Pretty good?!?! You have GOT to be kidding me! XONE grew PSC sales SIX PERCENT (!!!) y/y. (If you listen to management, PSC sales are supposed to drive printer sales. Whoops!) They REDUCED their full-year revenue guidance!!! Stocks trading at 20x ev/sales and infinity times earnings should be blowing out numbers. Even if you believe 3D printing is the way of the future, XONE's business model generates virtually no earnings power.

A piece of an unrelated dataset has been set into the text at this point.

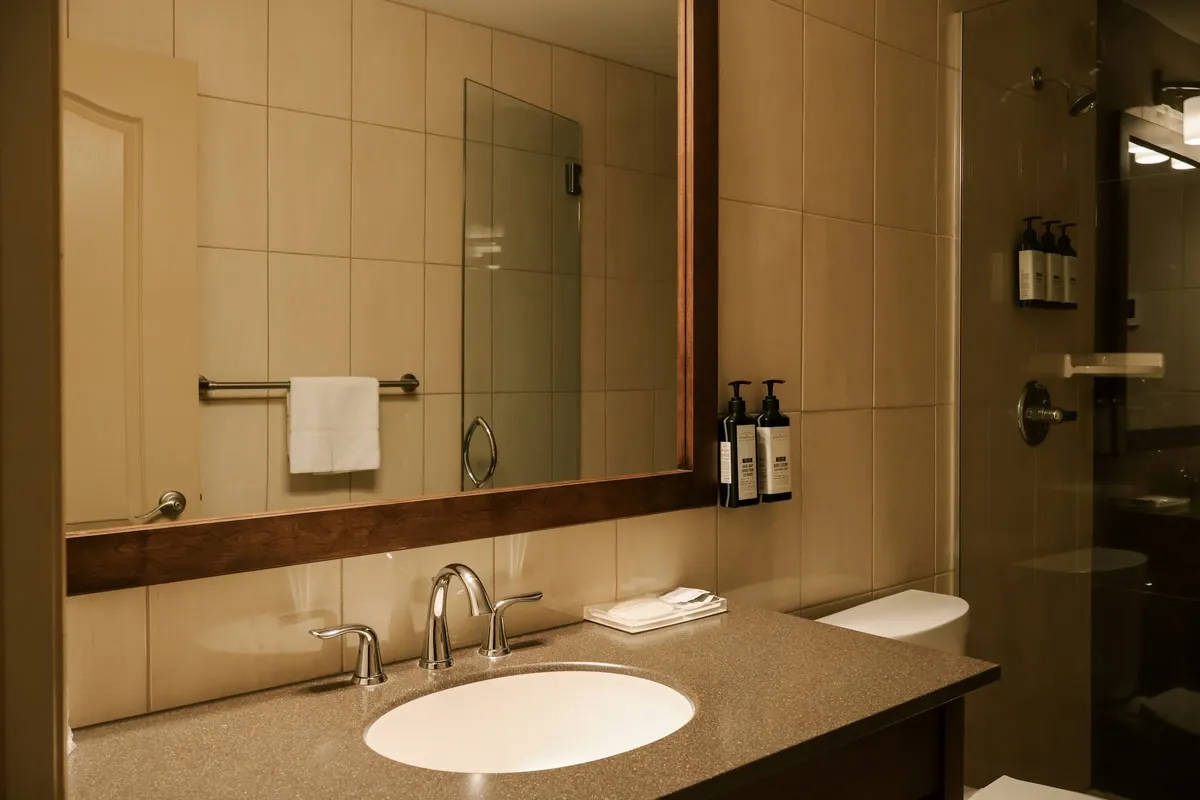A studio suite bathroom with a stone vanity, a wood-framed mirror, and a glass shower.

Anyone with rudimentary financial analysis skills recognizes this stock is way, way, way over its skis. The only thing holding this stock up is the high short interest (38% of the float), high borrow cost (it currently costs 50% per year to borrow XONE shares), and high retail interest (reducing borrowable shares and borrow cost).
I know you're right but the thing that kills me is that I wouldn't be at all surprised to see this stock bounce right back up. I've been scratching my head the whole time that this stock has exceeded $30. Even then I thought it was way overvalued and would retrace back to it's IPO price; then I might buy some long shares. At $50-$60 or $70. Heck no! (with conviction) These guys need to be earning at least $2.00 a share before this company is worth $1B market cap. They are at -$.08. I am all for looking at the forward earnings to determine value but that is a long ways away!
If I was to get into 3D printing about the only company that I would consider is Arcam. Even that is starting to get ahead of itself. 3D... Can you say bubble? Maybe XONE taking a big hit will put a reality check into people's thinking.